We have been delighted to work with our People Pathway (PW5) partners OC&C Strategy on research ‘Moving Consumers to Sustainable Choices’.
Over 2000 consumer interviews and insights from BRC members have contributed to the research which highlights that the actions that consumers perceive to make the most carbon reduction are not always those that deliver greatest impact.
Key findings:
- 70% of consumers openly admit they don’t really understand the contributors to their carbon footprint.
- Consumers are also not aware of the relative impact that different remedial actions would have on their carbon footprint – overestimating the benefits of everyday actions such as re-using plastic bags, and materially underestimating the impact of the more powerful actions, most notably making dietary changes.
- Low willingness to change behaviour in the areas that will have the greatest impact (dietary changes within grocery and recycle, repair and resale for non-grocery).
Research found that reducing consumption of animal products – including meat, eggs and dairy – on a regular basis, could lower each individual’s carbon emissions by around 1.6 tonnes per year, 13% of an individual’s total annual emissions.

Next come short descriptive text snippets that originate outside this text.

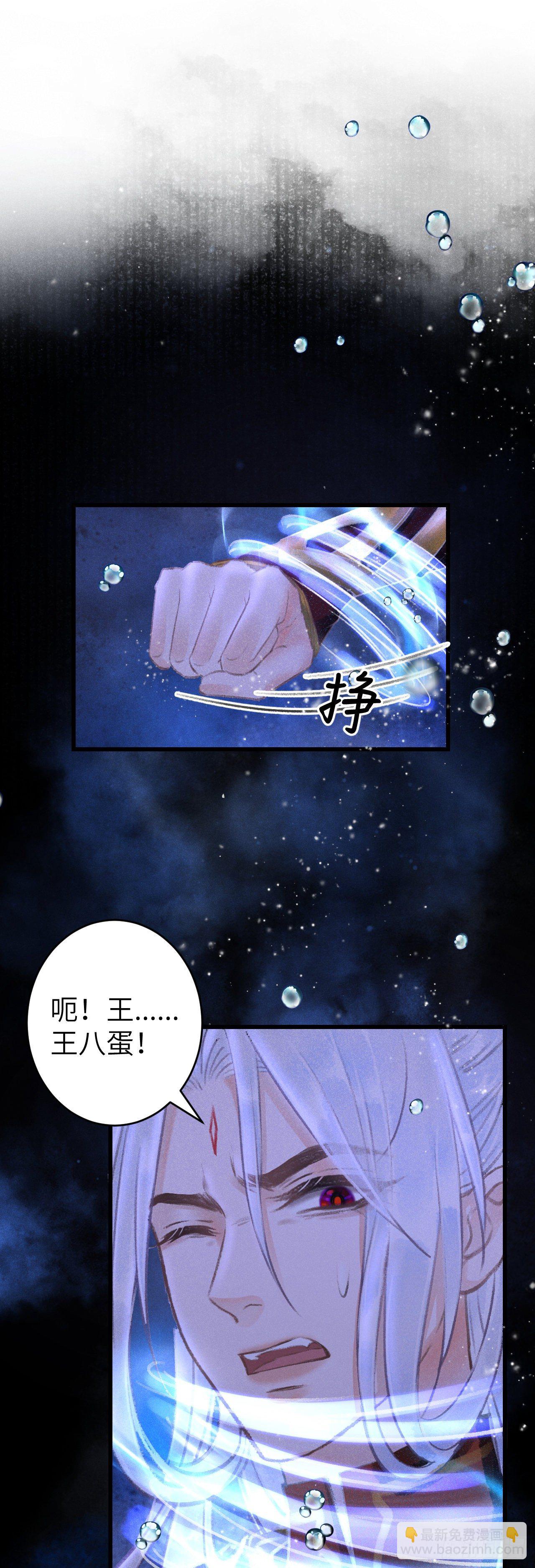104&middot;丝连藕未断-第107话
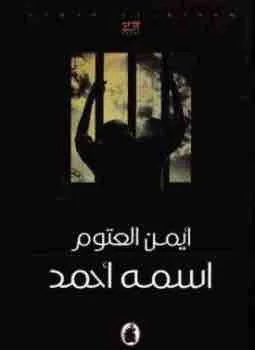 غلاف اسمه احمد لـأيمن العتوم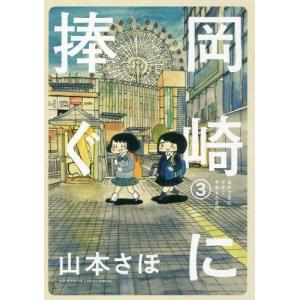 [本/雑誌]/岡崎に捧ぐ 3 (BIG SUPERIOR COMICS SPECIAL)/山本さほ/著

Reducing overall meat consumption would reduce annual emissions by 0.9 tonnes per person (7% total), and cutting just red meat would reduce emissions by 0.5 tonnes (4% of total). The average carbon footprint of UK citizens is 12.7 tonnes of CO2 per year.

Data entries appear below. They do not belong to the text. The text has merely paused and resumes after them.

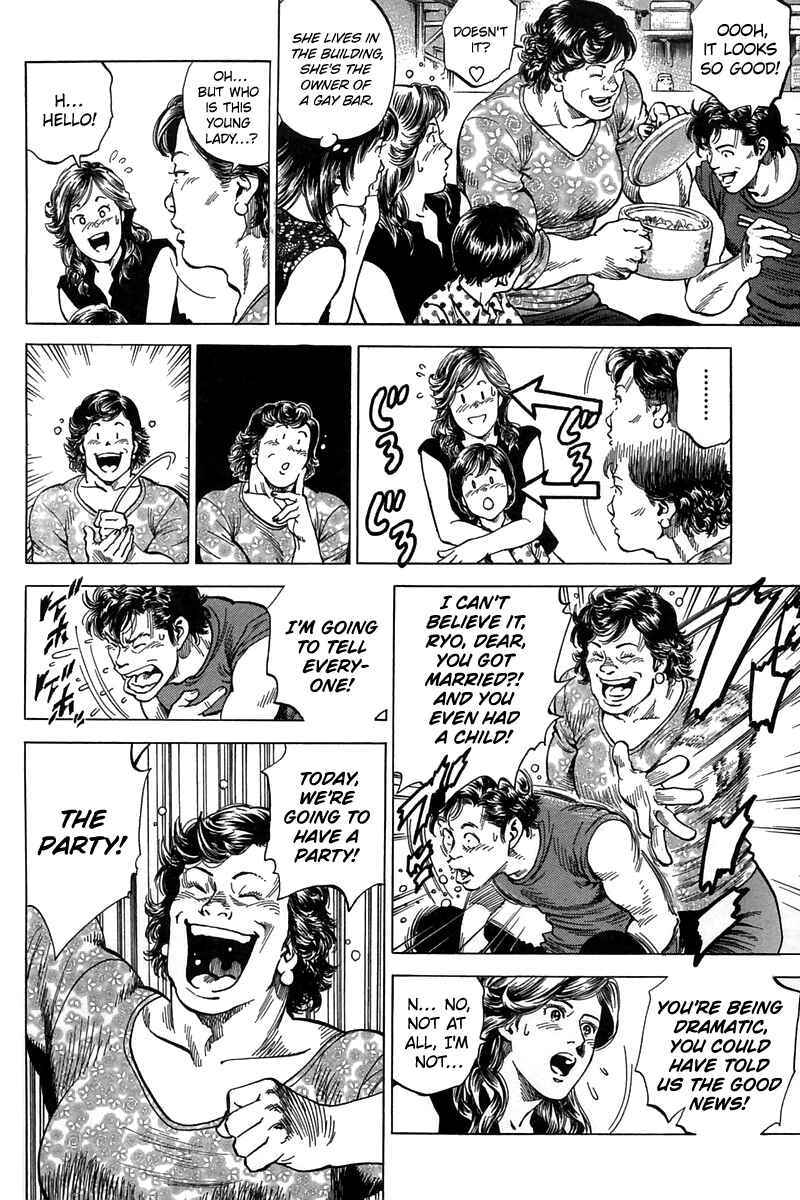 Page 10 Chapter 246 Angel Heart
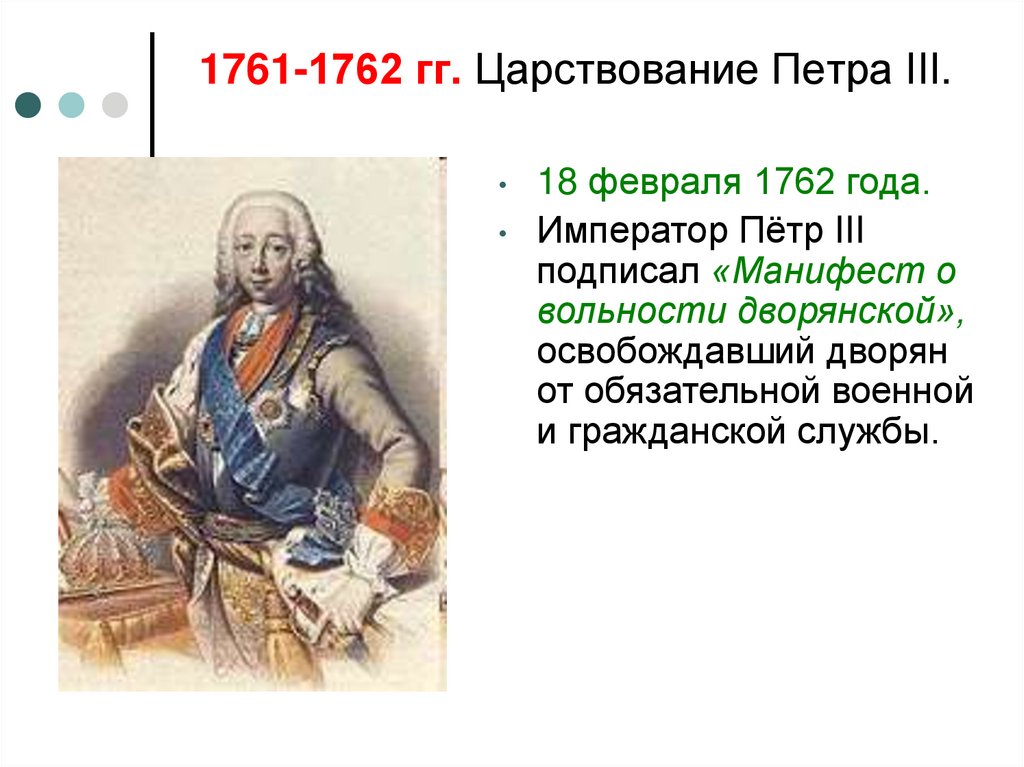 1761-1762 гг. Царствование Петра III.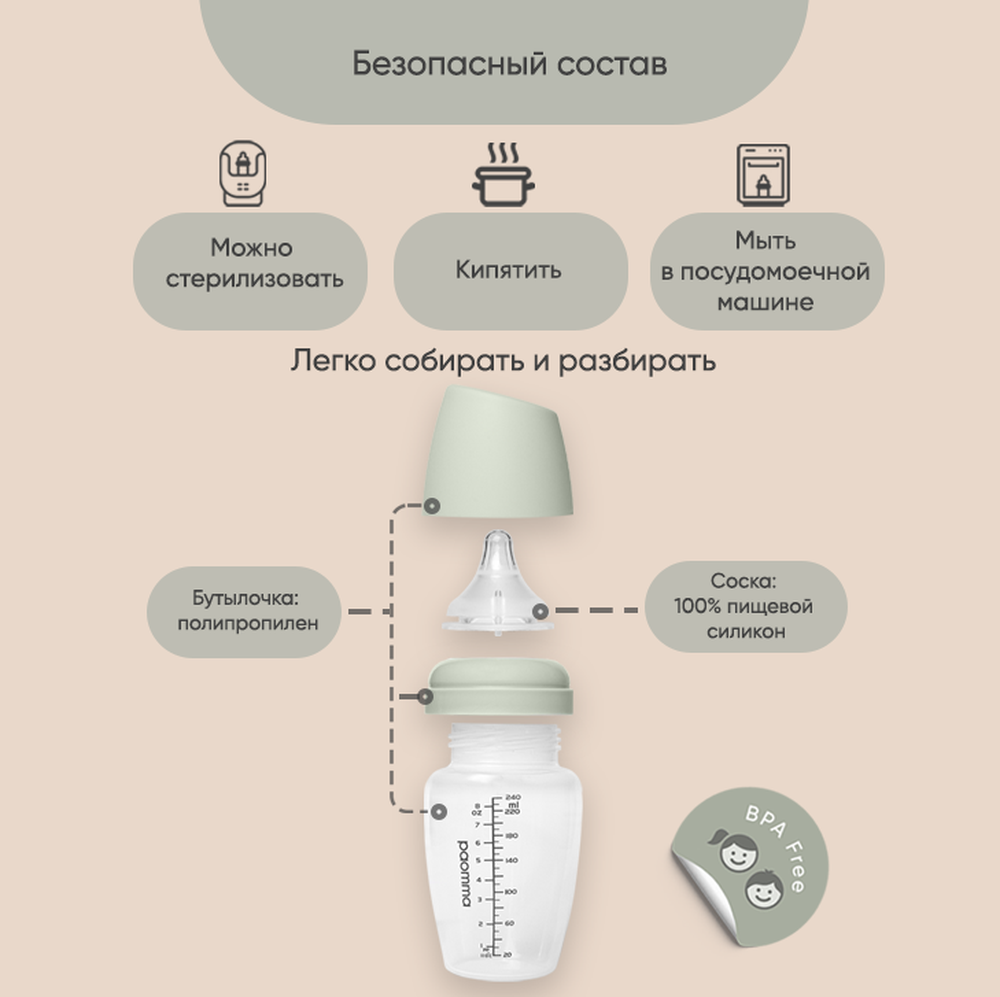 Бутылочка для кормления paomma Anti-colic 0+ Mum-effect 240 мл - фото 5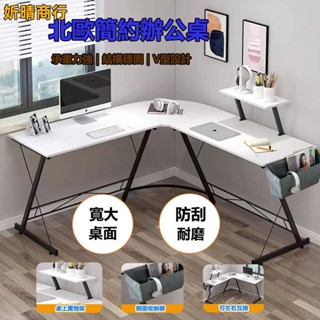 🔶妡晴商行🔶L型工作桌 書桌 電腦桌 轉角桌 辦公桌 帶桌上置物架 多功能電腦桌 大桌面收納 工作桌 可貨到付款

Other effective actions were recycling at home (0.7 tonnes), reducing volumes of groceries (0.3 tonnes) and reducing volumes of groceries (0.3 tonnes).
However, there was a mismatch between the most popular and most effective actions. While 59% of consumers said they often chose products with less packaging, only 28% were reducing their consumption of animal products, despite this having an eightfold larger effect.
Moving consumers to the choices we need them to make
Industry collectively needs to decide on its priority actions to influence consumers to make better environmental choices
- Education will be key for helping consumers understand how their purchasing behaviour can move the dial
- The industry must look to find “win win win” solutions that save consumers money, benefit the environment, and work for retailers
- Stronger actions may be required if we cannot move consumers towards the industry ambition on reducing emissions
BRC will continue to work with the People Pathway on how to incorporate these findings into future work.